I don’t know if anyone noticed that despite Eliphas Levi saying he was listing twenty two letters of the Hebrew alphabet in fact he only gave twenty one!? The missing one is Shin –  which in his system of correspondences in the Tarot section of his Dogme et Rituel de la Haute Magic (Chapter 22 of Transcendental Magic)  is allocated to Trump 0 – the Fool.

This card and image should also give us pause for thought when at the beginning of his next lesson he tells his student to take up his Tarot pack and lay out the sequence of Trumps “in two lines of ten... from one to twenty one”.  This is a mathematical impossibility. He must intend two lines of eleven – with Trump Zero included in there somewhere. The question is – “Where?”
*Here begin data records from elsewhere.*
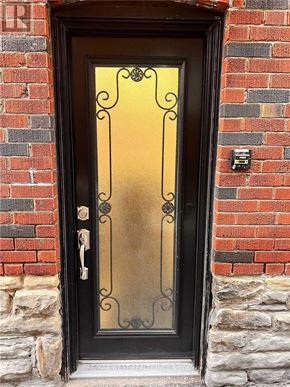 Toronto (Yonge-Eglinton) apartment for rent - A black door with a glass panel and a metal handle.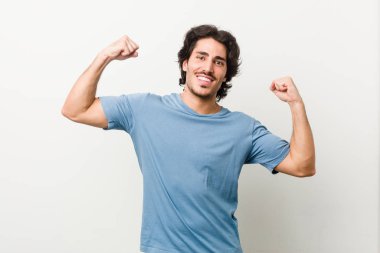 Beyaz arka planda genç ve yakışıklı bir adam. Güçlü bir jest yapıyor. Kadınsı gücün sembolü.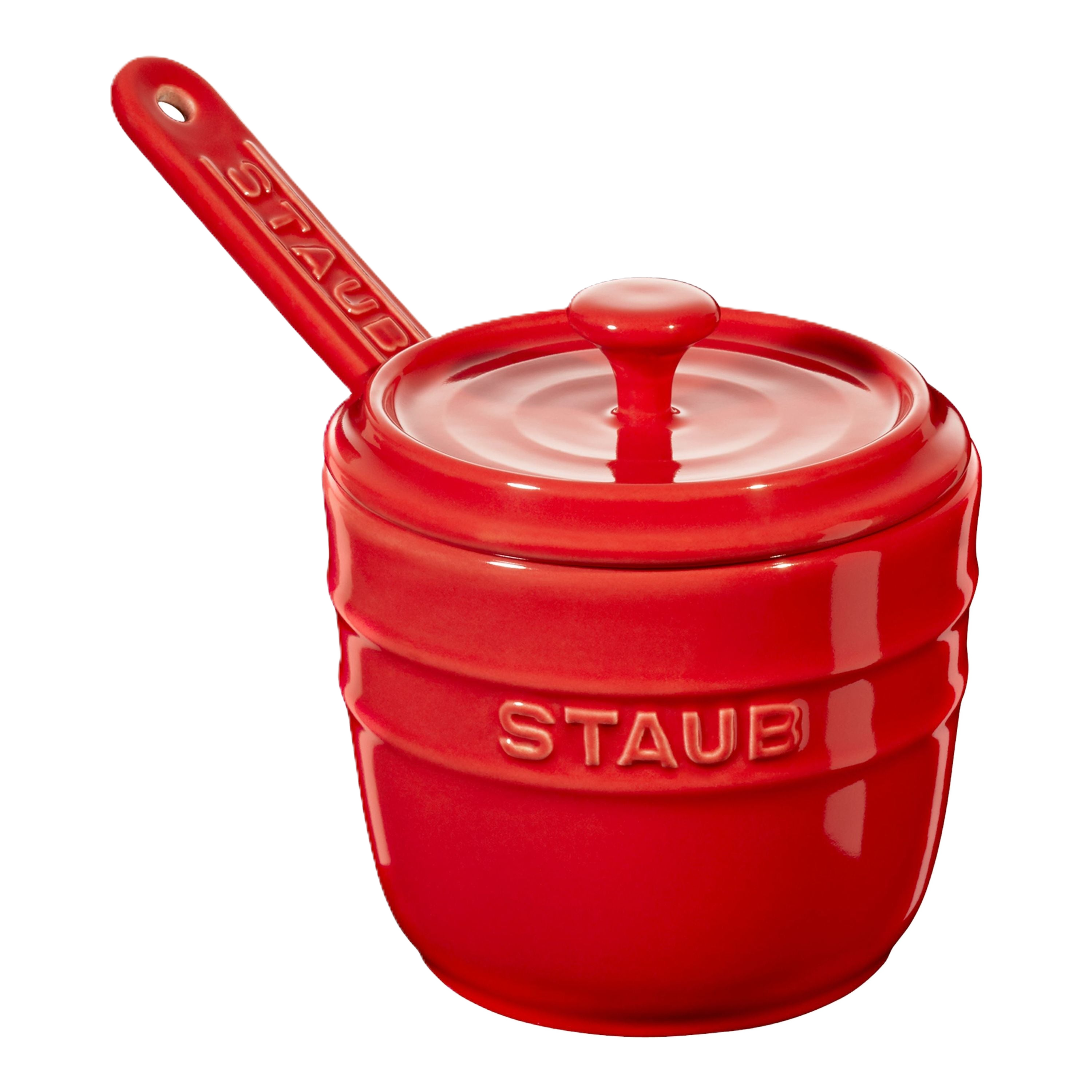 Red Staub ceramic pot with lid and handle on a white background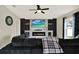 Inviting living area with a fireplace, decorative shelves, and a mounted TV at 12838 Wildflower Meadow Dr, Riverview, FL 33579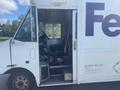 A 1999 Ford Econoline delivery truck with an open door revealing the driver's seat and dashboard interior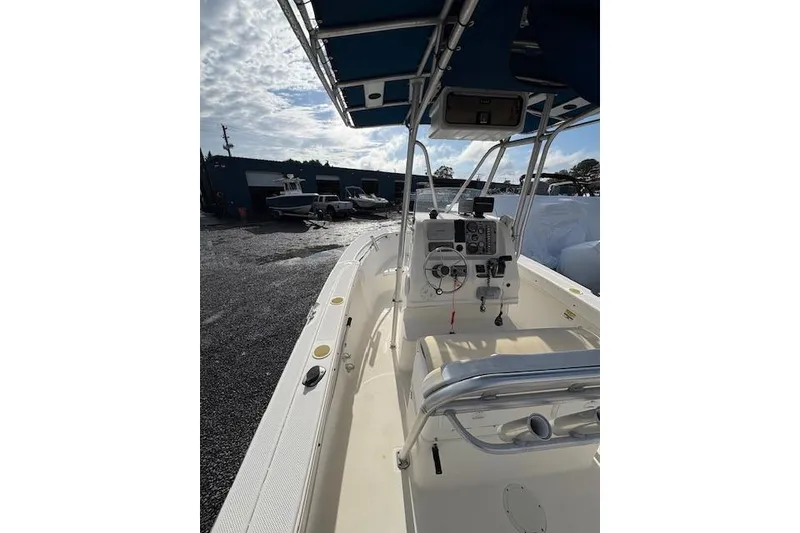 Slide: The Image of 2006 Trophy PRO 23 Center Console boat with blue canopy, docked outdoors. - 5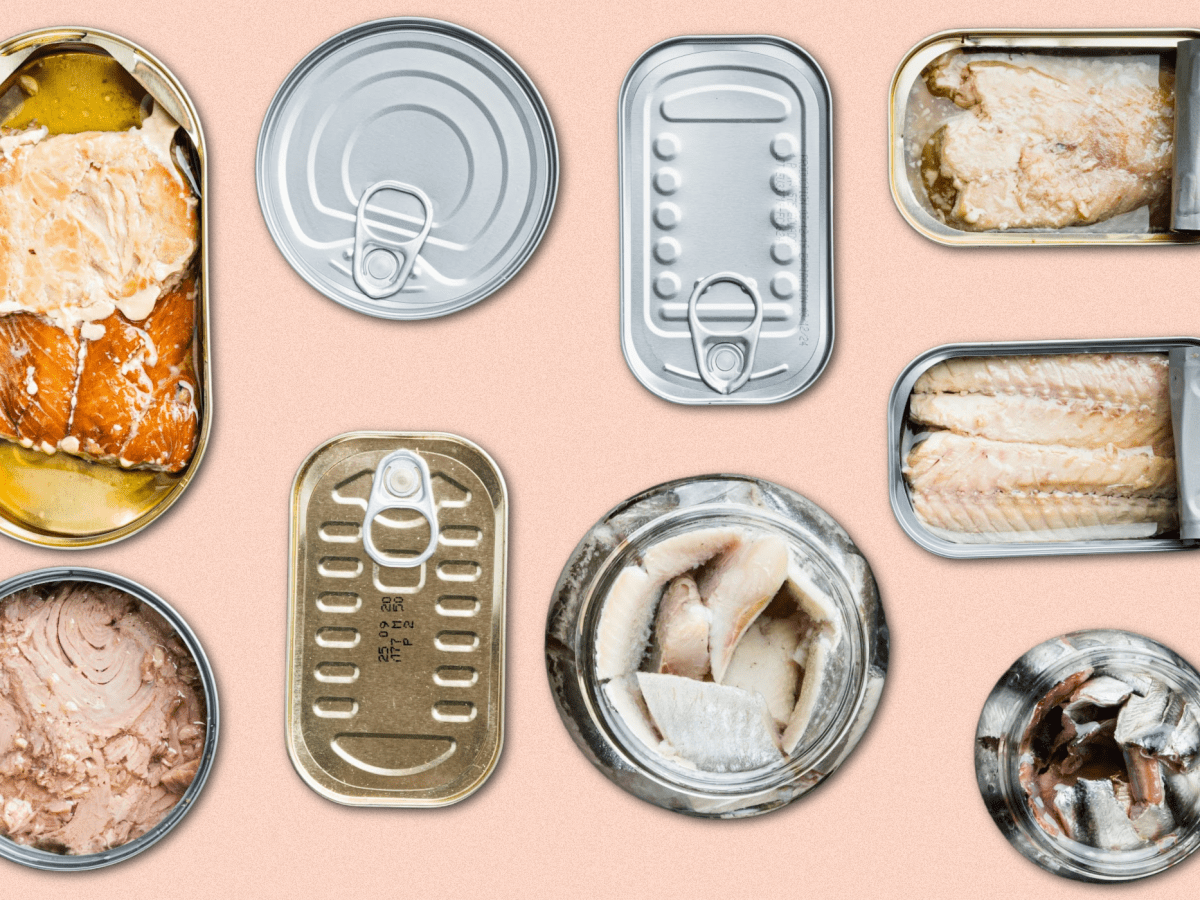 Various cans of tuna against a light pink background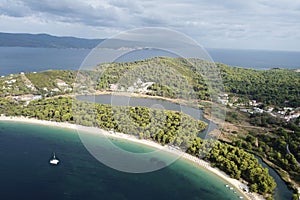 Areal view of Koukounaries beach at Skiathos lake and pine forest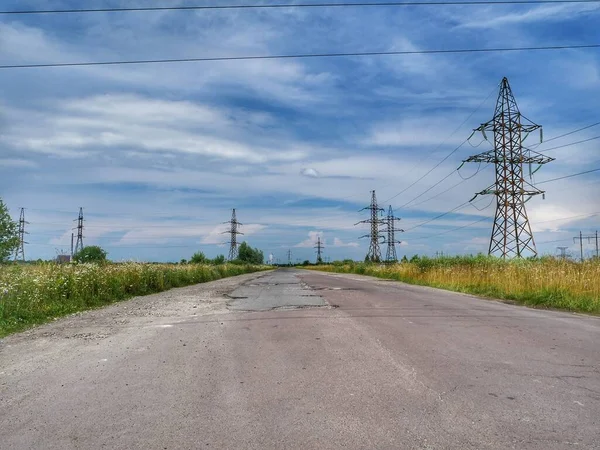 electric power lines.road in the countryside.high voltage tower.high voltage power lines.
The answer is plain to see in the book – which he later advises the student to study. It falls between Trumps XX and XXI – the Last Judgement and The Universe. As we shall see from Eliphas Levi’s lessons, and also from the evidence of other French occultists who follow him, they like to see the sequence of Tarot Trumps as the story of a typical initiate (represented by Trump I – the Juggler) going through a series of initiatory experiences that conclude with the final judgement of his suitability for resurrection to the higher life  (Trump XX)  leading him to final achievement in the balanced harmony of Trump XXI. However   should the Last Judgement go against him, then he shows himself to be the Fool – worth nothing!  Or to quote from the book: “A man in the garb of a fool, wandering without aim, burdened with a wallet, which is doubtless full of his follies and vices; his disordered clothes discover his shame; he is being bitten by a tiger and does not know how to escape or defend himself.”
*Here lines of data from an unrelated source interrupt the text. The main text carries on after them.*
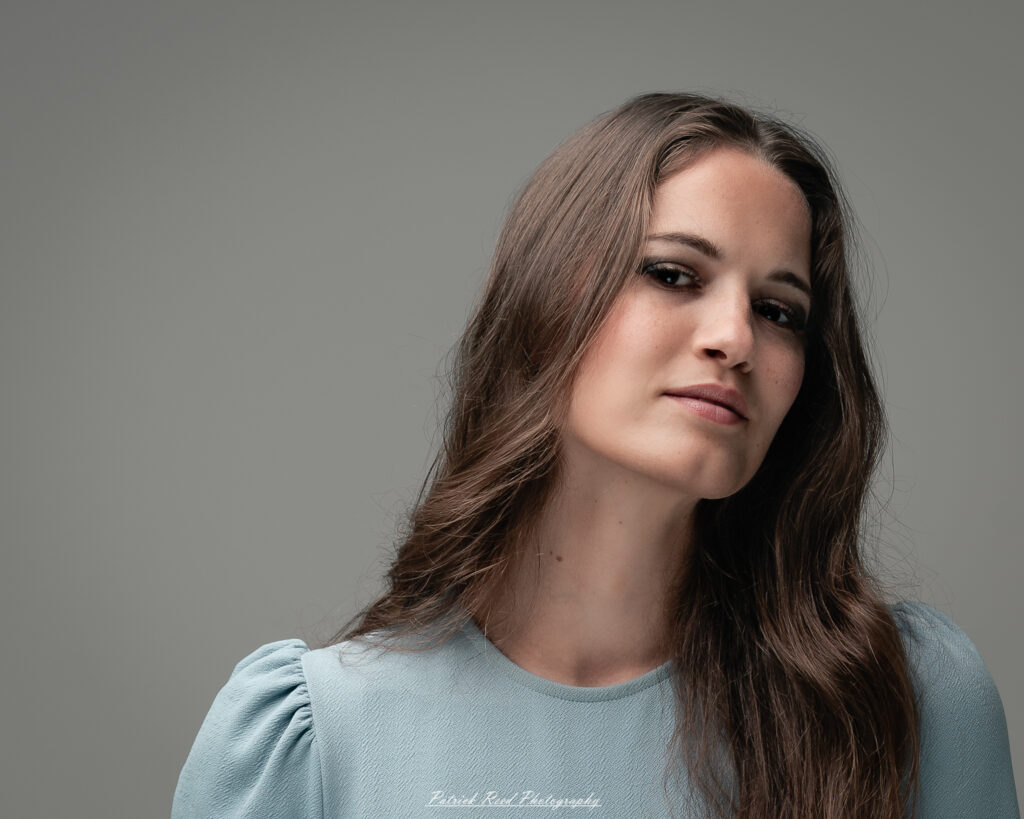 A studio portrait a confident female model in an elegant blue dress, photographed with dramatic studio lighting on August 23, 2025.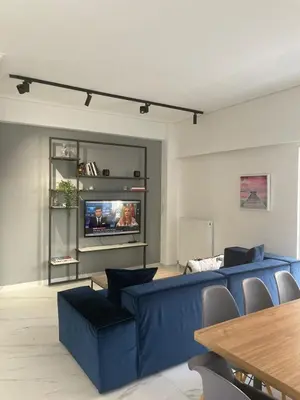 a living room with a blue couch and a tv at Downtown City Apartment in Athens
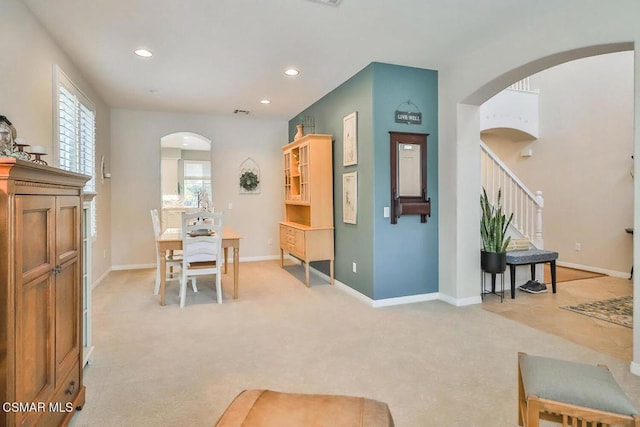 dining area with light carpet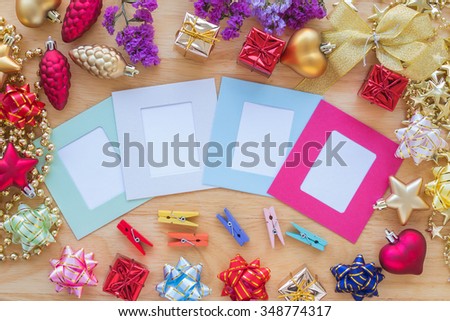 Happy New Year background decoration and paper photo frame over wooden table, Happy New Year concept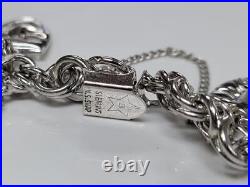 Sterling Silver Charm Bracelet with 14 Charms 7-1/2 55grams 15-E1547 Sterling Silver Charm Bracelet with 14 Charms 7-1/2 55grams 15-E1547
This is a far cry from the Golden Dawn conception of the Fool, placed at the start of the sequence of Trumps and representing a newly created innocent spirit entering material life or  initiatory experience. However, it is not our intention to become entangled in the webs of differing ideas of symbolic correspondence between one school of esoteric thought and another. Even if – and indeed precisely if – those who hold to them consider them to be the one and only true vouchsafed to them on the highest authority. Suffice to say, that for the comparative beginner, any reasonable system is likely to work, and they do best to stick to it – right or wrong – until such time as they are mature enough and practised in the ways of esoteric symbolism to be able to work with any – or to forge their own without being distracted by academic party poopers.  
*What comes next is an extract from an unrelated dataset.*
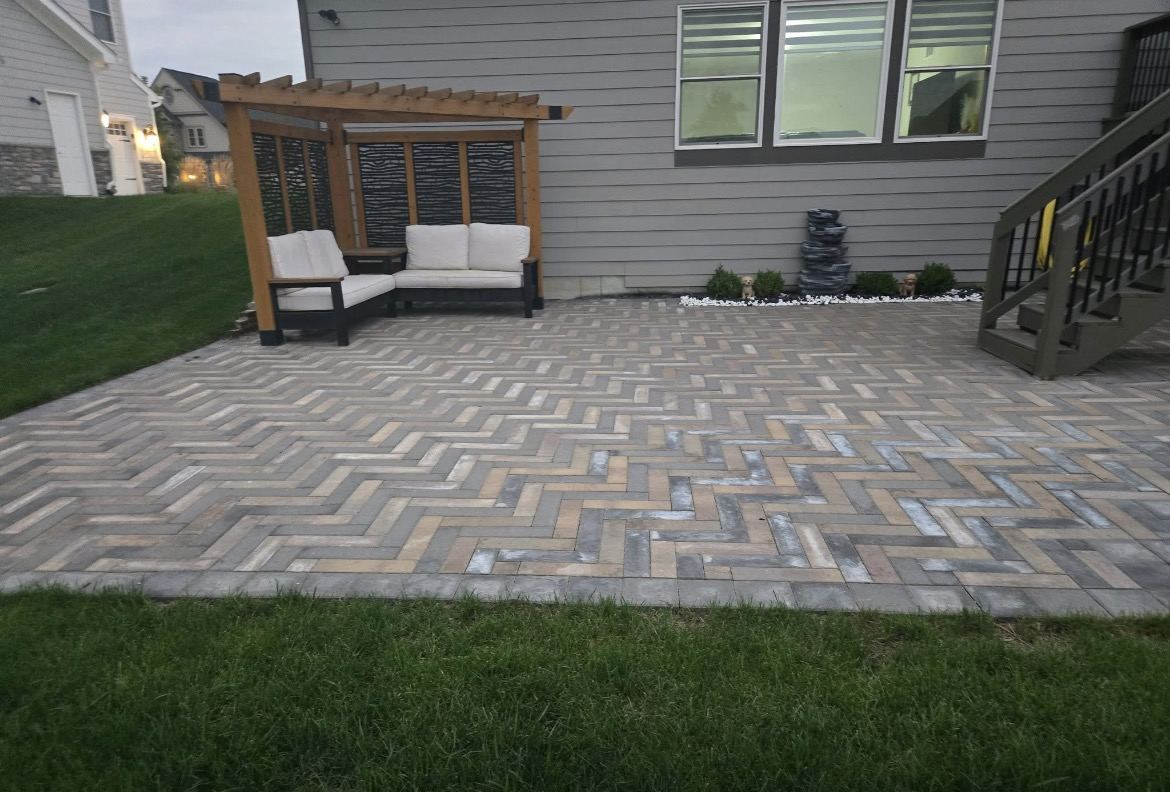 Cedar pergola with privacy screen, outdoor sofa and stacked-slate water feature on the finished patio.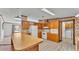 Bright kitchen includes wood cabinets, white appliances, and peninsula with laminate countertop at 8341 Mitchall Dr, Lakeland, FL 33809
There is, back of Levi’s magical symbolism, a profound religious interpretation within the line of the visionary Biblical books of Ezekiel and of the Apocalypse. As he plainly spells out in Lesson Three – the Tarot is “the great key to the hieratic hieroglyphs. We find there the symbols and numbers in the prophecies of Ezekiel and St John. The Bible is an inspired book, but the Tarot is an inspirational one.”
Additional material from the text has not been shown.